Un movimiento espontáneo como el 15M tiene, desde el primer momento, una espinita clavada en la nuca. Un contador que va girando y girando, hundiéndose en las carnes que habita con el tiempo, hasta que el paciente muere desangrado en la cama. Al igual que una persona real, sus actos en este mundo no desaparecen. Pero solo aguantan a través de los medios persistentes: las historias contadas, las sorpresas, las alegrías y los disgustos. Todo ello almacenado en las memorias informáticas y humanas. La parte más triste, la que nunca sale en las películas, es en la que el narrador vuelve a quedarse huérfano de protagonista. Uno a uno, los pilares que mantuvieron viva la memoria se agrietan, tambalean y, finalmente, caen al suelo convertidos en escombro.

No sé exactamente cuándo sucedió esto último. No sé si fue el desastre andaluz de 2018, en el que la parte más rancia y enquistada de aquel polvoriento 15M encontró su voz. Quizás ya hubiese sucedido tras el fracaso de la estrategia del “sorpasso” en 2016, o a lo mejor fue tan leve y extendido en el tiempo que todos nos lo perdimos. Pero para 2019, la transición se había consumado. Podemos había canalizado la energía de los movimientos sociales y, sin mucha opción, había construido un partido progresista europeo típico. Uno ideológicamente solvente, exitoso y referente para muchos de sus contemporáneos, desde luego. Pero no más que uno de ellos.
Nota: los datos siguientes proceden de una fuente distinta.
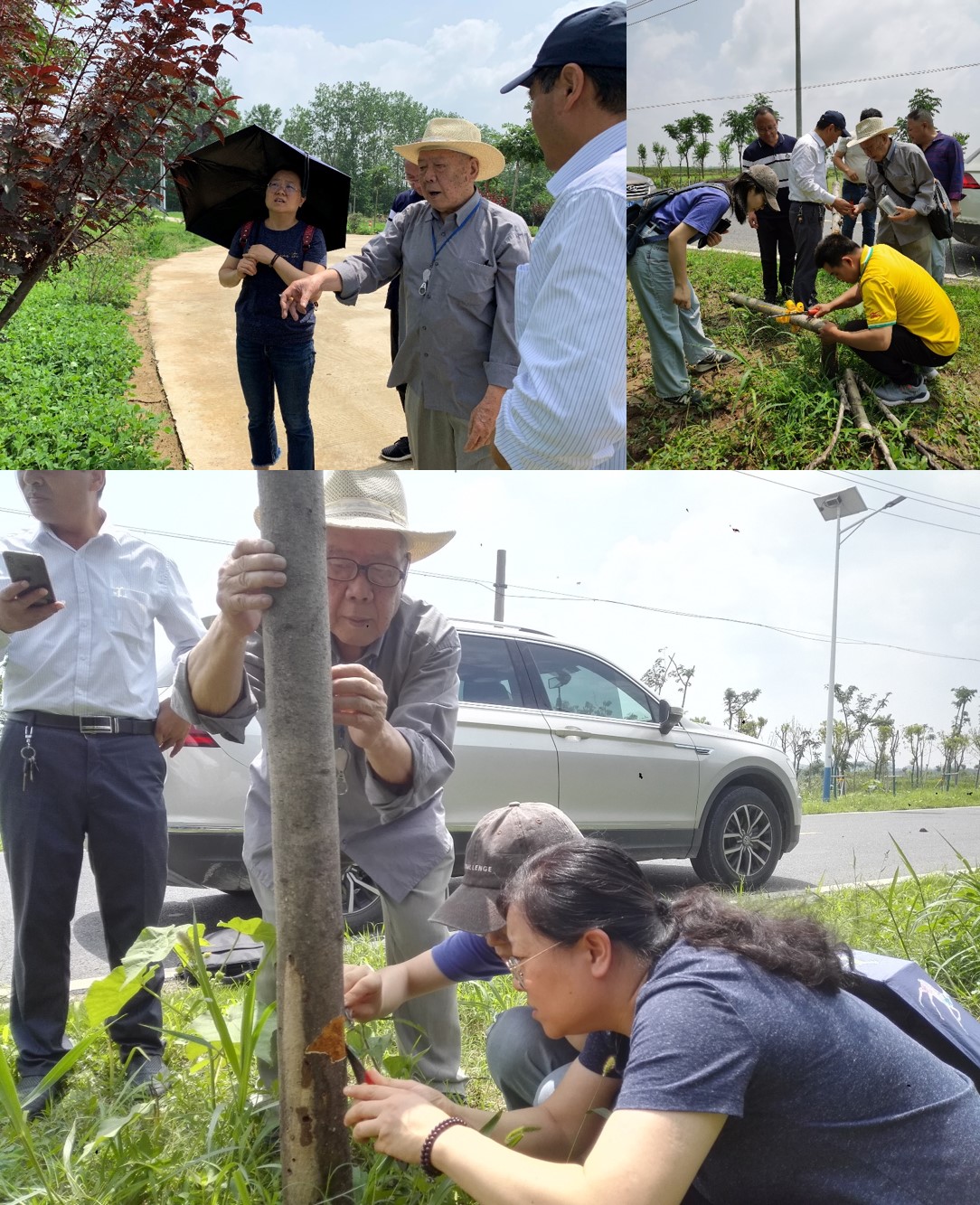 智林工程,老骥伏枥,服务地方城市园林养护.jpg 智林工程,老骥伏枥,服务地方城市园林养护.jpg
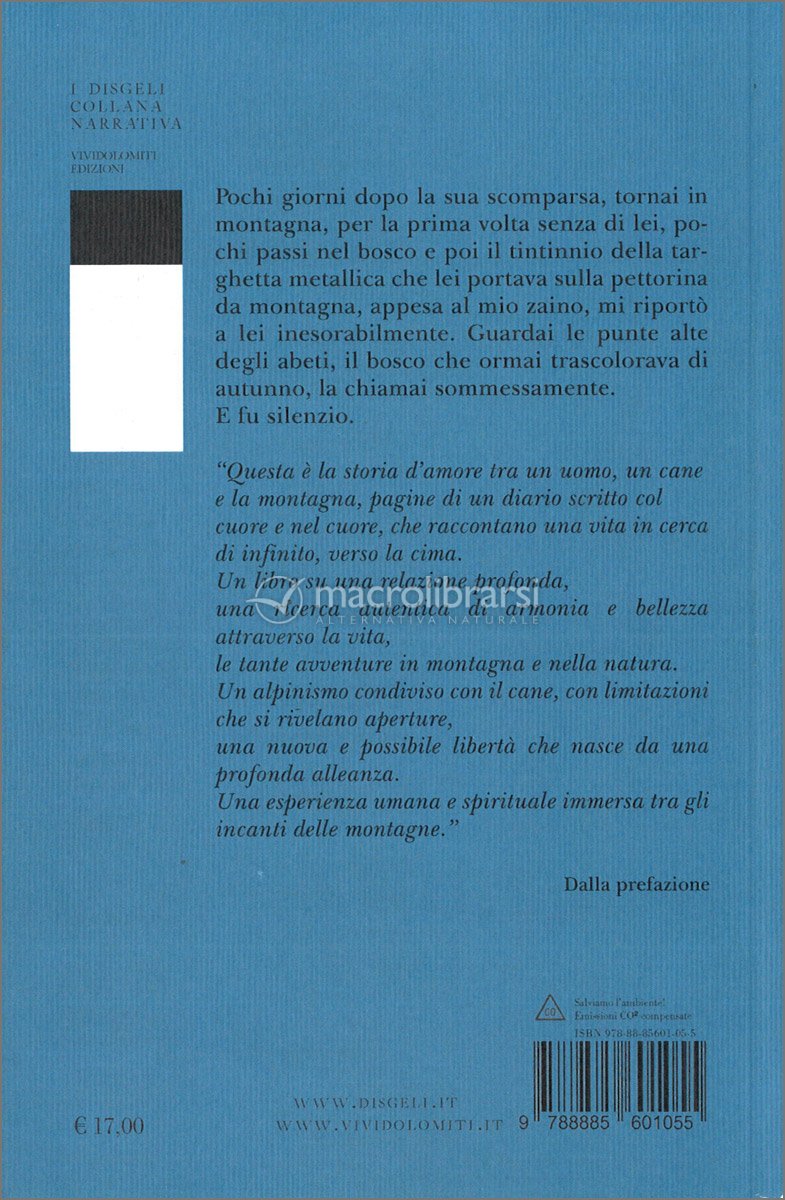 Aspettami sulla Cima — Libro di Giancarlo Pavan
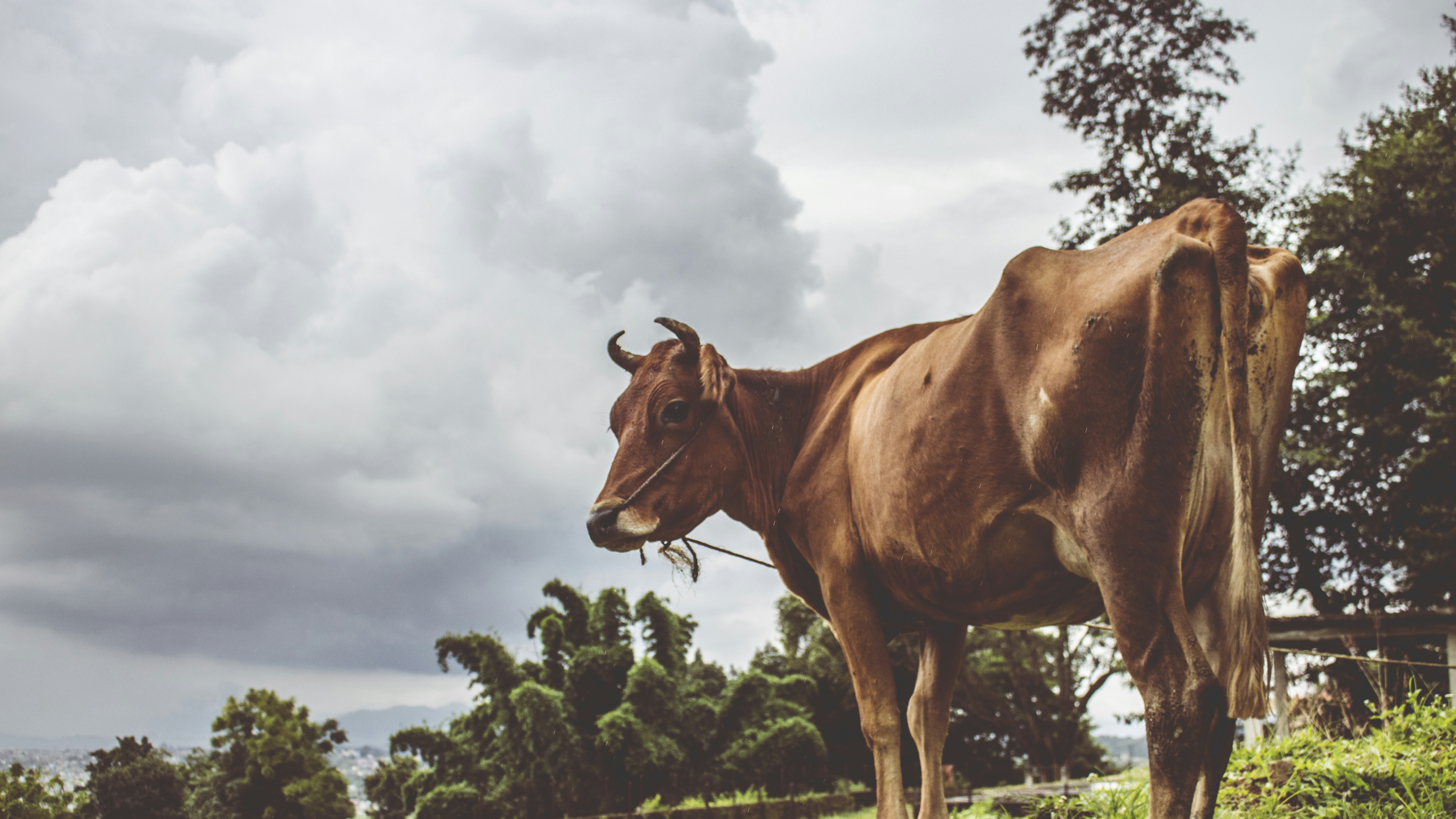 Photo by aalokatreya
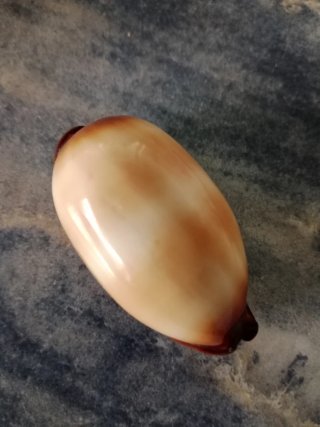 Caracola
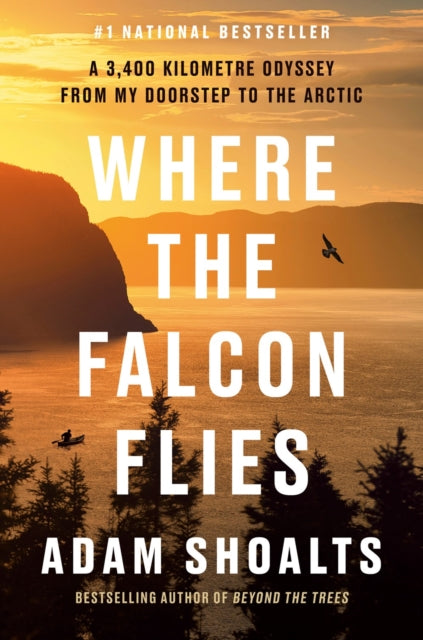 Where The Falcon Flies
El partido ha tratado, sin éxito, de mantener viva la esperanza. Su nuevo eslogan, “La Fuerza que Transforma”, es un ejemplo claro de como las gentes del partido se dedican a patear las cenizas de la coyuntura irrepetible que les catapultó a las portadas de todos los diarios. En caso de que haya otro renacimiento para la izquierda en España, no lo liderará Podemos. Si las encuestas de las próximas elecciones europeas son de fiar, Podemos juguetea con quedarse sin representación en el órgano en el que vio la luz.

La izquierda alternativa vive hoy, en términos estatales, horas bajas. Es esencialmente imposible recuperar, como socio minoritario de una coalición de un gobierno en minoría parlamentaria, el terreno a los socialistas que nos gustaría ver reconquistado. Sánchez es demasiado popular, casi intocable. La estrategia de tierra quemada que sería necesaria para echarle de la presidencia del gobierno solo serviría para aupar a la ultraderecha al poder, la más indeseable de las medallas y una que Díaz, por seguro, no quiere. Lo último que necesita este espacio es repetir su error de aceptar el irredentismo electoral como causa de muerte. Podemos, desde el grupo mixto, jalea por repetir la jugada.

Los que hemos sentido la decepción en nuestras carnes cada vez que la izquierda perdía apoyos durante todo este proceso no nos jactamos del ocaso de Podemos. Esta ha sido la década más larga de nuestras vidas, en la que hemos tenido que ver a un sujeto político con tantísimo potencial cometer una sucesión inacabable de errores estratégicos y una dilución del espacio insoportable. Otros, mientras tanto, están contentos desde sus medios de comunicación y cargos particulares, tratando de revivir a esta empresa familiar con tácticas caducadas hace años y una toxicidad, falta de respeto y cinismo que solo aparenta mala educación en vez de indignación. Está claro que, para algunos, diez años no es nada.